Furthermore, given a little time and distance to cool off and gather her thoughts, she found she had a few questions, such as:
“If you can lock us out of the house, why didn’t you lock us in last night?” she asked her mother and aunts as they congregated in the kitchen to watch Odelia make pies. “You said you needed my help, and I wasn’t planning to ever come back here. Why’d you let me leave?”
In the sunny kitchen they were considerably more . . . nimbus than they had been the night before in the gloomy shadows of the evening. In the light of day the house took on a fascinating second life—the only way she could describe it—one hovering over the other so that while the three of them sat at the kitchen table together, M.J. sat at one as solid and real as she was while her mother and Aunt Imogene lounged in chairs across from her that were as hazy and transparent as they were.
The same was true of Odelia, who worked happily rolling out crusts on a butcher board that was now a ceramic countertop and baking in an oven that was in the same place in the kitchen but larger and from a different era.
“Goodness.” Imogene laughed. “We let you leave because if you have even a single drop of our blood in your veins, then you would have been mad enough to chew nails and spit rivets if we’d locked you in. Better to let you go and let your natural curiosity bring you back.” She held her hands out as if it were as clear as she was.
“I told them you could be quite stubborn, Mari—”
“Don’t say it.”
“It’s your name.”
“I prefer M.J.”
Her mother played with one of the diamond rings on her fingers. There were four of them, one from each of her marriages. She sighed. “Well, anyway, I’m gratified to see you’re learning to flex a little, darling.”
“Flex? Are you kidding? Living with you, I flexed like a freaking Slinky, Mother. It always had to be your way. Did you know about these two before you died? Is that why you refused to sell and move to a retirement community?”
“I refused to sell because this was always my home—except when I didn’t live here, of course. After Papa passed, Odelia lived here because she had nowhere else to go. And you and I came to visit from time to time—”
“Between marriages.”
“Well, where does one go when one’s heart has been shattered, first by death and then by unfaithfulness and greed and neglect?
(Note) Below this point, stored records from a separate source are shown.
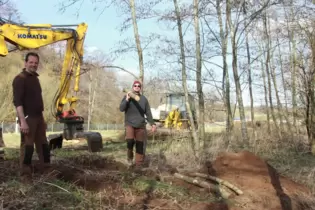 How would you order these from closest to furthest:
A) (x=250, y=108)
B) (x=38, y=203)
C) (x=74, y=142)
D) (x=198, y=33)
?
(x=38, y=203)
(x=198, y=33)
(x=74, y=142)
(x=250, y=108)

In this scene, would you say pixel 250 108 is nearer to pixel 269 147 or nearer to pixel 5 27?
pixel 269 147

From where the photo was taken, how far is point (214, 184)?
589 centimetres

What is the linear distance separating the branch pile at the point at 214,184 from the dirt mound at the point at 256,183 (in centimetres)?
16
One goes home, of course, to where she has always been loved and sheltered and protected from the harsh realities of the world.”
With a fond, sisterly smirk, Imogene chuckled. “I don’t suppose it’ll surprise you to hear that your mother wanted to be Sandra Dee when she was a teen.”
Her mother gasped. “Early teen.”
Odelia giggled. “She really wanted to be Elizabeth Taylor, but Papa nearly had a stroke when she told him.”
“Why? Hasn’t she always been considered one of the all-time greats . . . as an actress, I mean? Her personal life aside?”
“Oh, it wouldn’t have mattered if it was Meryl Streep or Sally Field. Acting was not what he considered an acceptable profession for a woman.” Odelia made the comment casually, her hands on her hips, looking around the kitchen in confusion. She snatched up a small wicker basket with an exasperated “My stars,” and headed for the back door.
“Where’s she going?”
The sisters were unconcerned. Her mother answered. “She wants more apples.”
Okay, first off, M.J. had no idea the ghosts could leave the house. And secondly, not only were the pies as phantom as everything else involved with the three sisters . . . aside from the aroma . . . but where the hell in the backyard was Odelia getting apples?
“Wait a second.” She jumped up from her table and reached the back door in time to see Odelia passing through a five-foot wooden fence on the far end
of the yard as if it weren’t there. “Odelia. Wait. Where are you going? Odelia?”
She heard her happy, chubby aunt giggle from a distance greater than the neighbor’s backyard. “Not to worry, dear, I won’t be long.”
“But where are you going?”
“To my orchard. Papa planted it just for me. There are several different kinds of apple trees, cherry trees, peach trees, and pear trees.” She paused, her voice echoing. “The peach tree doesn’t bear much fruit, but it tries. Don’t you, you sweet old thing?”
M.J. jumped as high as she could to peek over the fence to see which tree she was talking to . . . though there didn’t seem to be any trees there at all. “Odelia. How far away from the house did he plant the trees? Where are you?”
“Oh dear, Imogene is better with feet and yards than I am, but it’s a ways,” she called back. “Flies, you know.”
“Flies?”
“They come for the ripe fruit if I don’t get to it first. If the trees were too close to the house . . . oh my, Papa would be so angry. They’re pesky, you know. Summer flies. And it’s like he always said, I can certainly use the exercise. The hard part is hauling all the fruit back to the house.”
Papa, Hobart Hedbo, was beginning to sound like someone M.J. was glad she’d never had the chance to meet. “I can smell your apple pies, you know.”
“Really?”
She remembered Odelia as a sweet, kind, older woman. She died of breast cancer in her late fifties before M.J. had a real chance to get to know her. . . .
Well, that wasn’t exactly true, she realized, shifting her weight uncomfortably. She could have gotten to know Odelia had she been a different sort of youngster, she supposed. But then, who thinks farther than the tip of their nose when they’re young?
“They smell delicious, Aunt Odelia.”
“Secret recipe. I have a million of them. I wanted to be a great chef, you know.”
“What, like Martha Stewart and Rachael Ray?”
Odelia scoffed. “Our Lady of the Ladle. There’s never been another like her.”
“Who?”
“Julia Child. She didn’t just cook. She studied cooking. She knew food. She wasn’t simply a television personality who knew how to cook. She was a larger-than-life chef. An American culinary icon.”
M.J. smiled, enjoying her good-natured aunt’s show of vehemence.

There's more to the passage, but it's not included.